One truth that can be expressed as a poignant summary for our readings today is, “You cannot please everyone.” For the prophet Jeremiah his lot appears to be that he can please no one save for God. But at this point in the book, Jeremiah does not know just how the people of Israel see him. God reveals to him the plots of men, Jeremiah says, “I knew their plot because the LORD informed me.” And then God gives the lines that are a strong prefigurement of what life will be like for Jesus, “Yet I, like a trusting lam led to slaughter.” 

For Jesus, His experience is different. Jesus knows the hearts of men. He knows that some are beginning to see Him as the messiah, some think that He is only a prophet because their understanding of scripture and Jesus’s early life are not yet understood by them. They do not know that Jesus was born in Bethlehem and is a descendant of David. And then even for Jesus there are those, like those for Jeremiah, were planning to kill him. 

And that is where we get this beautiful detail for Jesus, the guards who were sent by the chief priests and the Pharisees could not lay hands on him. In their hearts, something was stirring in them to recognize true justice. The guards do not have the hardness of heart that the chief priests and the Pharisees do. They hear Jesus speak and Jesus’s words open their hearts to say, “Never before has anyone spoken like this man.” 

Perhaps it is these words of the guards that gives one of the Pharisees, Nicodemus, the courage to speak up. He even invokes the law to try and reason with the others, “Does our law condemn a man before it first hears him and finds out what he is doing?” And this statement rather than bringing unity through reasoning, reveals division, scattering. “Then each went to his own house.” And given our Psalm we can ask, where is their refuge? Who are they looking to for strength? 

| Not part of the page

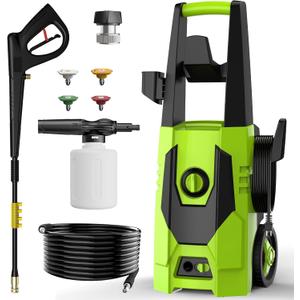 AgiiMan Electric Pressure Washer - 5000PSI Max 3.6GPM Power Washer with 35FT Power Cord, 20FT Hose, Soap Tank, High Pressure Washer Electric Powerd Car Cleaning for Garden, Patios, Yard, Green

For us on our Lenten journey, we can ask ourselves, ‘Are we hearing God speak?’ Are we hearing God if things are going well for us? Are we hearing God in our struggle? When we pray, when we fast, when we give alms, and when we read scripture, do we see that God is with us to strengthen us? When we hear Jesus speaking to us in prayer are we like the guards who say, ‘Never before has anyone spoken like this man,’ or are we like the chief priests and Pharisees, who in their pride think that they have it all figured out? Where is your refuge? 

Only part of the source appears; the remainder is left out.